### What to produce
All of the data below should be written out again exactly.

---------- Material supplied

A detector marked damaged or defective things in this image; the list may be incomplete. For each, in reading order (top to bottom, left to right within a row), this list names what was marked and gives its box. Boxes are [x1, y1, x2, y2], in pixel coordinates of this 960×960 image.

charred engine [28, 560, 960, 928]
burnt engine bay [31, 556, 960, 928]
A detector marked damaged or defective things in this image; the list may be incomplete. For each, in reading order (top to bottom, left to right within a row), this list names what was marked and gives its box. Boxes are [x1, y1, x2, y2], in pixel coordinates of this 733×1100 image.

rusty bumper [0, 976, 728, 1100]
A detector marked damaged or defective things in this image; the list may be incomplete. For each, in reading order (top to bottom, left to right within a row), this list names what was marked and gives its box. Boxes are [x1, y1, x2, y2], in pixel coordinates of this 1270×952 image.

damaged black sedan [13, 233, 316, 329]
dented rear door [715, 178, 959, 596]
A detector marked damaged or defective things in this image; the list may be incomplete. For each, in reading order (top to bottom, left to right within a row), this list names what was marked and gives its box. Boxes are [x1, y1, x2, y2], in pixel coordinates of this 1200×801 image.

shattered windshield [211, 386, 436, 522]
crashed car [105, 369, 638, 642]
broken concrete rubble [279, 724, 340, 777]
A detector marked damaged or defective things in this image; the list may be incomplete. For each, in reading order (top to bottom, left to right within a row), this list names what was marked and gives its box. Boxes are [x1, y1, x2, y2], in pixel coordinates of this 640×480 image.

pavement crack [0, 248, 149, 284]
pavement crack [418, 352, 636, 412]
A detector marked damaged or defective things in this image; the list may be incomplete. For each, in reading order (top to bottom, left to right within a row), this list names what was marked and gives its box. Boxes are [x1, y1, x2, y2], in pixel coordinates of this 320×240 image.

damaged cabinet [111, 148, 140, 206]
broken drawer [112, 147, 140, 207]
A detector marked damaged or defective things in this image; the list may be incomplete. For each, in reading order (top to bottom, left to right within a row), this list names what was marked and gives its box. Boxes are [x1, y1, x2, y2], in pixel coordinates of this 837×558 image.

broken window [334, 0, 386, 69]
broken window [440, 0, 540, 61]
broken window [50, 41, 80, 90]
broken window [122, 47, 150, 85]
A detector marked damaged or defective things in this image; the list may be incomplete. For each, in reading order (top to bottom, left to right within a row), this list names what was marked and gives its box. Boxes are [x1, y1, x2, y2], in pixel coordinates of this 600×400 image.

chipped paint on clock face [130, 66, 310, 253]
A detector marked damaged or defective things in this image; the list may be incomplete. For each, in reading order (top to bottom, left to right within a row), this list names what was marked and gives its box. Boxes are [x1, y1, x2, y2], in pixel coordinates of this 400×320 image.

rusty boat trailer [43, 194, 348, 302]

--------------------

### Answer to the problem
A detector marked damaged or defective things in this image; the list may be incomplete. For each, in reading order (top to bottom, left to right within a row), this list names what was marked and gives its box. Boxes are [x1, y1, x2, y2], in pixel coordinates of this 960×960 image.

charred engine [28, 560, 960, 928]
burnt engine bay [31, 556, 960, 928]
A detector marked damaged or defective things in this image; the list may be incomplete. For each, in reading order (top to bottom, left to right within a row), this list names what was marked and gives its box. Boxes are [x1, y1, x2, y2], in pixel coordinates of this 733×1100 image.

rusty bumper [0, 976, 728, 1100]
A detector marked damaged or defective things in this image; the list may be incomplete. For each, in reading order (top to bottom, left to right within a row), this list names what was marked and gives its box. Boxes are [x1, y1, x2, y2], in pixel coordinates of this 1270×952 image.

damaged black sedan [13, 233, 316, 329]
dented rear door [715, 178, 959, 596]
A detector marked damaged or defective things in this image; the list may be incomplete. For each, in reading order (top to bottom, left to right within a row), this list names what was marked and gives its box. Boxes are [x1, y1, x2, y2], in pixel coordinates of this 1200×801 image.

shattered windshield [211, 386, 436, 522]
crashed car [105, 369, 638, 642]
broken concrete rubble [279, 724, 340, 777]
A detector marked damaged or defective things in this image; the list may be incomplete. For each, in reading order (top to bottom, left to right within a row), this list names what was marked and gives its box. Boxes are [x1, y1, x2, y2], in pixel coordinates of this 640×480 image.

pavement crack [0, 248, 149, 284]
pavement crack [418, 352, 636, 412]
A detector marked damaged or defective things in this image; the list may be incomplete. For each, in reading order (top to bottom, left to right within a row), this list names what was marked and gives its box. Boxes are [x1, y1, x2, y2], in pixel coordinates of this 320×240 image.

damaged cabinet [111, 148, 140, 206]
broken drawer [112, 147, 140, 207]
A detector marked damaged or defective things in this image; the list may be incomplete. For each, in reading order (top to bottom, left to right within a row), this list names what was marked and gives its box. Boxes are [x1, y1, x2, y2], in pixel coordinates of this 837×558 image.

broken window [334, 0, 386, 69]
broken window [440, 0, 540, 61]
broken window [50, 41, 80, 90]
broken window [122, 47, 150, 85]
A detector marked damaged or defective things in this image; the list may be incomplete. For each, in reading order (top to bottom, left to right within a row), this list names what was marked and gives its box. Boxes are [x1, y1, x2, y2], in pixel coordinates of this 600×400 image.

chipped paint on clock face [130, 66, 310, 253]
A detector marked damaged or defective things in this image; the list may be incomplete. For each, in reading order (top to bottom, left to right within a row), this list names what was marked and gives its box. Boxes are [x1, y1, x2, y2], in pixel coordinates of this 400×320 image.

rusty boat trailer [43, 194, 348, 302]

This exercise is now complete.